Profiling giraffes and reindeer

By Jim Compton October 29, 2018

At the 2018 Globalization and Localization Association (GALA) conference in Boston, I was part of the “Rise of Big Data in Localization” panel. It was an interactive session intended to spark discussions about how big data, machine learning and AI trends are shaping the globalization and localization industry.

It’s a broad subject that I encounter a lot at industry conferences, often in the form of the “Will AI replace humans?” debate. Our GALA panel wanted to take a slightly different approach. We wanted to ask the audience some provocative, open-ended, yet ultimately personal questions about their take on big data and AI.

Those interested in the subject tend to fall into a few different categories. There are those who are suspicious and fearful of AI; those who directly develop the technology; and those who are optimistic about its potential and keen to maximize its practical use, even if they’re not entirely sure what that looks like. They’re seeking those “killer applications” of AI that are both relevant to their business and obtainable.

As part of the third group, I have an interest in learning as much as I can from the practical experience of others. And I believe that there’s a lot that the globalization and localization industry can gain by sharing ideas, challenges and experiences. The question is: how can we use AI to solve practical problems and improve how we work?

Here I’ll pose to you the same questions that I asked the folks at GALA Boston, as well as share some of my own ideas. My hope is that we can routinely have these kinds of discussions about AI, and that through such “shop talk” we can standardize its use and maximize its benefit throughout our industry.

Incidentally, making good use of AI has always been part of the globalization and localization industry’s culture. Even excluding machine translation, which has been used on projects since the 1960s, we’ve been using translation memory, concordance searching, terminology recognition, optical character recognition (OCR), quality assurance checking and other applications of AI for some time.

Continuing to take positive advantage of AI technology is our prerogative.

Provocative questions

I posed two questions to the GALA audience: one that I wrote myself, and the other I stole from a vintage IBM advertisement for a punch card calculator.

The first was, “What are the killer applications of artificial intelligence for us?” (with “us” being deliberately open to interpretation). The second was, “What would you do with 150 extra engineers?” I find the latter question to be timely, both in general and in the context of the globalization and localization industry — especially if you expand the question to include translators, project managers, copywriters, solution architects, account managers and other roles that depend on finite supplies of human expertise. You could alternatively ask, “What would you do if human resource limitations didn’t exist?”

I wasn’t around in 1951, but I can imagine reading this ad (Figure 1) and being inspired to brainstorm about the future. I like this type of “what if” question because it forces you to decouple the task of deciding what you’d like to accomplish from the task of figuring out how to make it happen. The latter shouldn’t overly influence the former. This is especially true when talking about applying computer technology to problem solving — it can execute in microseconds what it takes humans minutes to do. Through the application of technology, ideas can and routinely do go from fantasy to reality.

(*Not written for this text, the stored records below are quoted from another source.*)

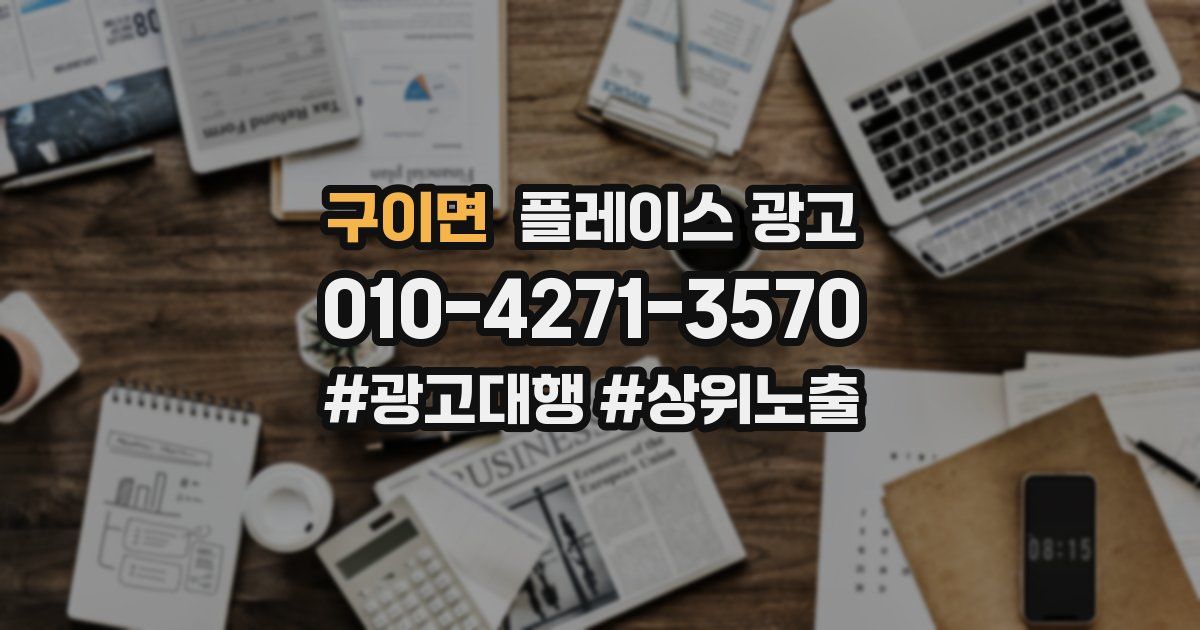 구이면 플레이스 광고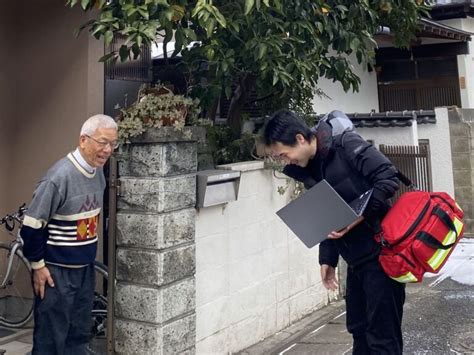 つくし訪問クリニック早良 福岡市早良区の在宅診療外来診療夜間診療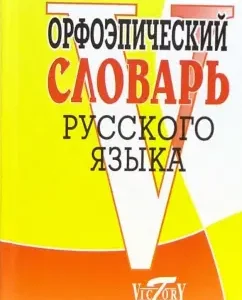 Орфоэпический словарь русского языка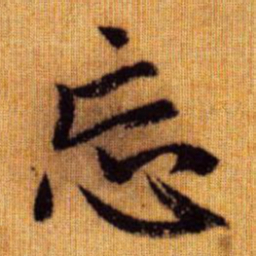 赵孟頫忘书法图片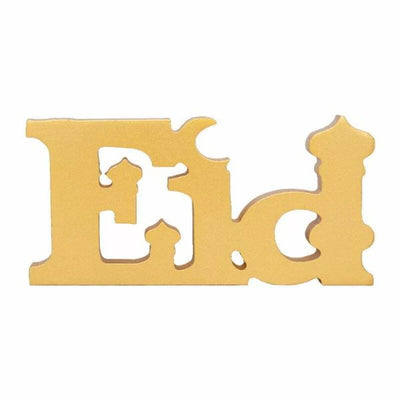 Eid Wood Decoration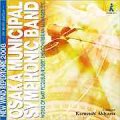 赤札市CD　 ニュー・ウインド・レパートリー2008「ガリア戦記」　(2008年4月21日発売）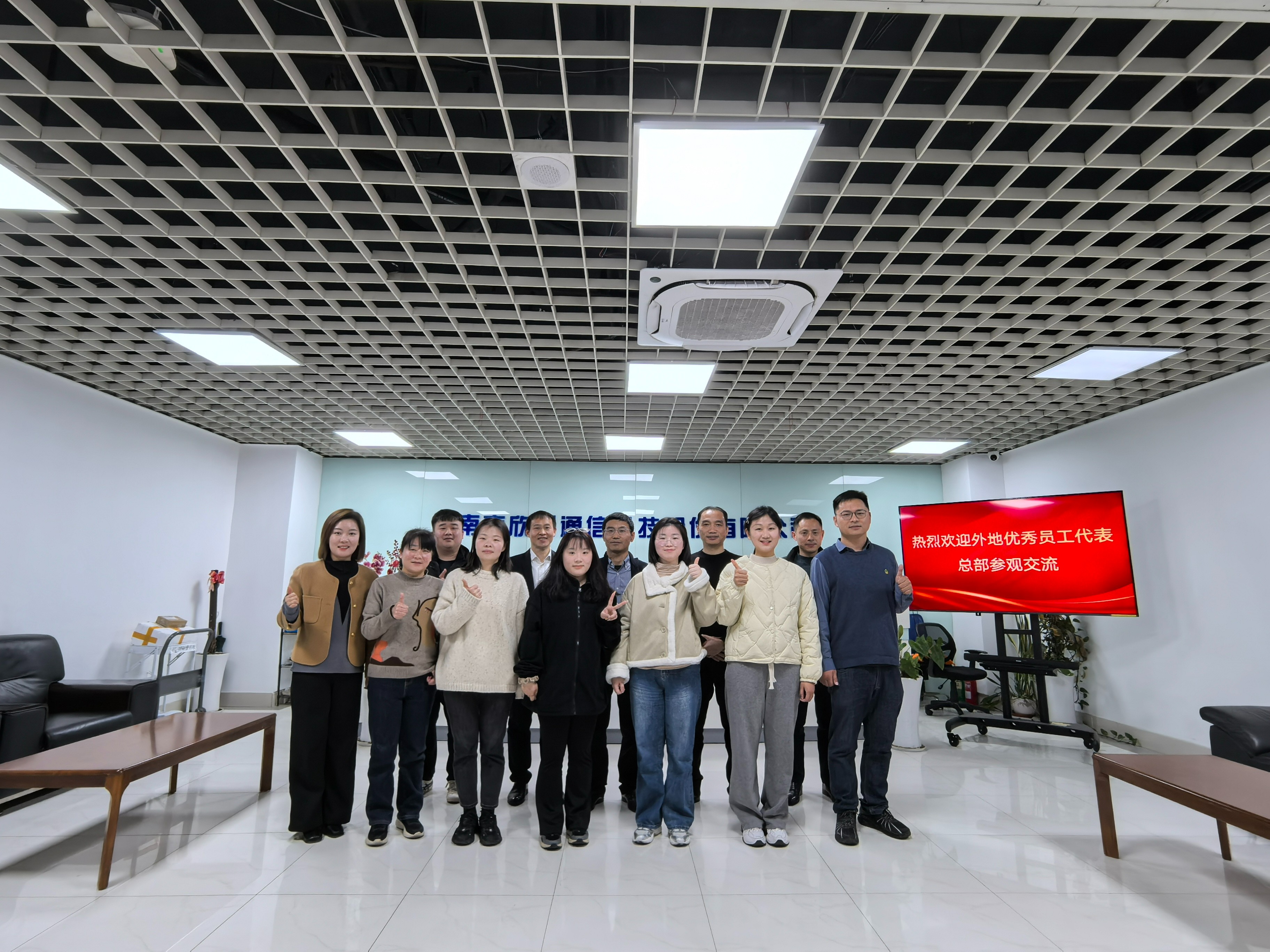 万象城平台|万象城（中国）欣网|欣网通信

In 1951, IBM delivered pure computational firepower with their room-sized punch-card machines. Today, artificial intelligence offers more complex and nuanced capabilities that go beyond number crunching. With AI, we can reasonably expect that not only engineers, but all globalization and localization roles could potentially experience a 150-fold growth in efficiency.

So, 67 years later, it’s time for us to ask ourselves this question again.

The globalization and localization industry has a profoundly important mandate: to remove language barriers that impede world progress. We’ve made impressive strides since 1951, but with the continued shrinking of the world, the rise of digital communication and other global megatrends, it’s become a harder problem to solve.

Can advances in AI capability help us solve these big challenges? Obviously, machine translation (MT) will play a huge role, but what else?

Someone in the audience asked me, “What do you think the killer applications for AI in our industry are?” So, I’ll share my thoughts here.

What would Jim do with 150 extra engineers?

I don’t take the question too literally; I see it as a metaphor for the automation of complex human tasks.

I start my brainstorming by drawing inspiration from my own professional experience — especially pain suffered, or instances where I’ve been face-to-face with situations that seemed hard to resolve. When do I remember recognizing something wasteful, or having to accept a compromise on a solution because of some human-based limitation?

Here are a few real-world examples of painful experiences from my last twenty-plus years at various globalization and localization companies:

1. Valuable transactional data lives in a set of folders that gets archived after the completion of a project, never to be seen again. When similar projects are executed later, the same lessons have to be learned again and again.

2. A client gets frustrated because a price estimate that was quoted to them for a project seems inconsistent with the price that was previously quoted for a similar effort. Looking at the details of the quote, it’s discovered that significant parts of the effort have been estimated with a “finger in the wind” approach.

3. An account is operating smoothly, and the client is happy. In large part this is thanks to the efforts of a long-time veteran of the projects who has a nuanced understanding of how they should operate. But when that person quits the company, errors start popping up and the client stops being happy.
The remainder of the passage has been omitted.